What if runaway mom didn’t want to be found?

April 29, 2010|By Susan Reimer

Ohio mom Tiffany Tehan ran away from her husband and her year-old baby with a handyman and, after a televised search, was found five days later in a Miami motel room with him. She had "wanted a new life," authorities said.

When she returned, television cameras were waiting. Reporters shouted questions, demanding to know what was next for the couple.

And Elizabeth Vargas of "Good Morning America" was on the air passing judgment: "It is one thing to walk out on your husband. It's a whole ‘nother thing to walk out on your daughter. I think a lot of mothers in this country have a hard time understanding that."

Well, it is clear Elizabeth Vargas doesn't get it, but I bet there are plenty of depressed, distraught or just plain frazzled mothers who have daydreamed about running away and starting over. And I bet they don't have a hard time understanding Tiffany Tehan.

My best friend's mother used to run away all the time.

She had five kids and a husband who traveled for work, and every now and again she would just get in the car and drive from Pittsburgh to, like, West Virginia or Ohio. No place in particular. She would just drive all night, be gone for a couple of days and then show up at home again.

We didn't think much about it, and nobody called police or the local television station. There were no Amber Alerts or the equivalent. No family spokesperson. No prayer vigils. No rewards for information. No surveillance cameras. No FBI searches.

And she didn't face a bill for police overtime when she returned.

She just went back in the kitchen and started cleaning up the mess left by her five daughters and her husband while she was gone.

My mother did just the opposite. She'd send us away.

Four kids in five years, a husband who traveled for work and returned only every other weekend. No car and only one paycheck a month.

And a couple of times, she packed the four of us into a cab in what seemed like the middle of the night and sent us across town to her mother's house and told the cabbie that Grammy would pay him.

We never thought much about that, either.

Of course, that was back in the " Mad Men" days, when two martinis and a valium didn't always get it done, and mothers spent a lot of time on the edge. We have playgroups and Prozac now. A new mother's tedium and the isolation have been relieved, and the meds are better.

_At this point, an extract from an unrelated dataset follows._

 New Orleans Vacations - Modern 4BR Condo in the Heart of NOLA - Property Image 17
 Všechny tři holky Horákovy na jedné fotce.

But that's not the only difference.

Today, these family dramas play themselves out in front of a national television audience, and there is no refuge, only nationwide shame, for the half-crazy mother who just couldn't keep it together anymore. The whole world is watching Tiffany Tehan, and ABC's Elizabeth Vargas and CNN's Nancy Grace and Jane Velez-Mitchell are judging her on television.

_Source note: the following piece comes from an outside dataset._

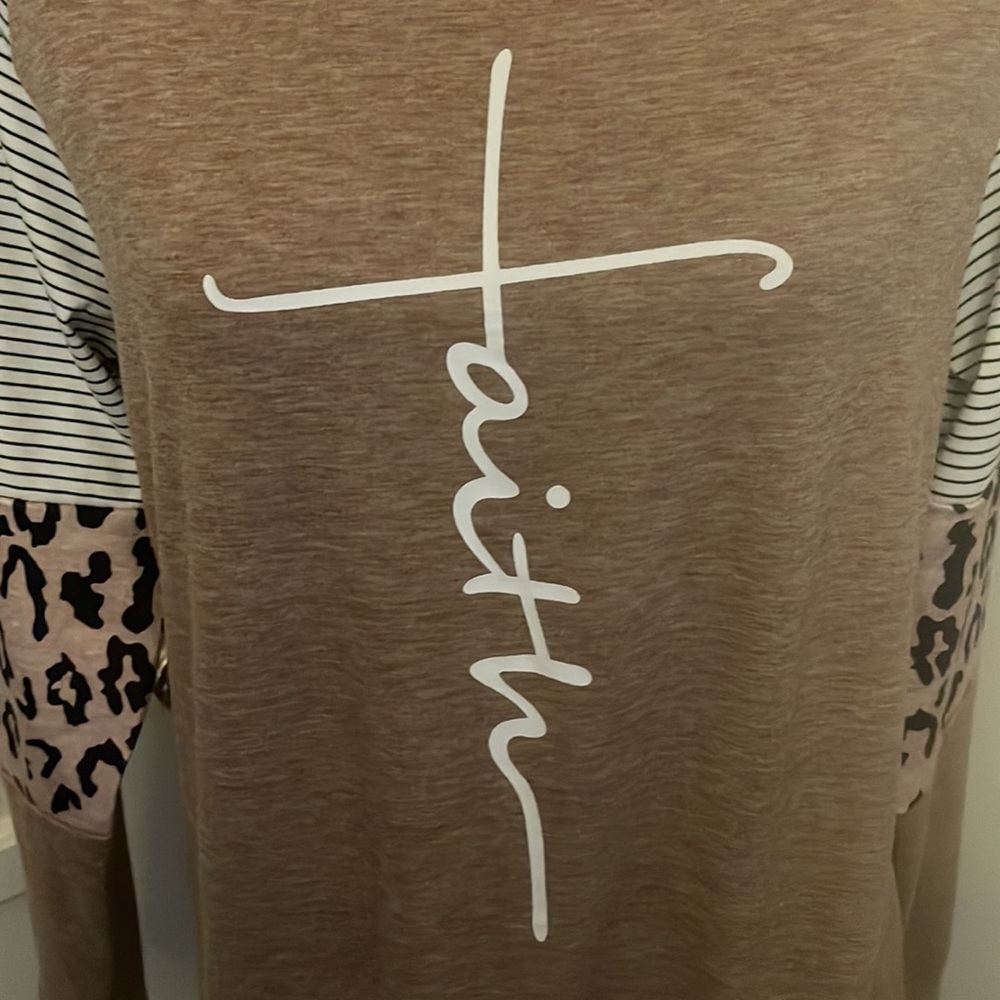 Faith long sleeve shirt - Picture 5 of 6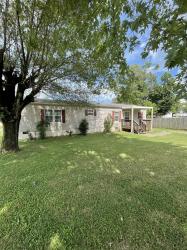 500 Akersville Rd Lafayette, TN 37083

I've run away a couple of times and so have a few of my fellow mothers. I didn't go to West Virginia, but I stayed at the mall long enough to make the point that the family doormat doesn't lay down for everybody, every time.

I don't have any idea what was troubling Tiffany Tehan, but after watching her pastor father and her eerily calm husband, and hearing her described as a "church mom," I can make a couple of guesses.

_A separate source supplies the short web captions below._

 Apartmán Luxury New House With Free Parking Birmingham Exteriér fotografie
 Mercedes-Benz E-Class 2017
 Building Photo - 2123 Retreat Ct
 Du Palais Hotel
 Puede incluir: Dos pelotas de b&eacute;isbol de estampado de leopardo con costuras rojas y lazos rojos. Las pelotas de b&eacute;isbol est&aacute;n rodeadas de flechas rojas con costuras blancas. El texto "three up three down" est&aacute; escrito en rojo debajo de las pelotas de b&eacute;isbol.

And I am not sure her husband's pledge to forgive her and take her back is good news for Tiffany Tehan, or if she just heard the cage door slam shut behind her.

Television and national publicity helped authorities find her and relieve her worried family, who had found her SUV with the keys in the ignition and thought the worse.

Tonight, Tiffany Tehan, and the man she left town with, will be on "Inside Edition." We might hear why she left. Or whether she wanted to be found.

That's the other difference. Our mothers didn't have to go on national TV to explain their strange behavior. No one ever bothered to ask them what was wrong.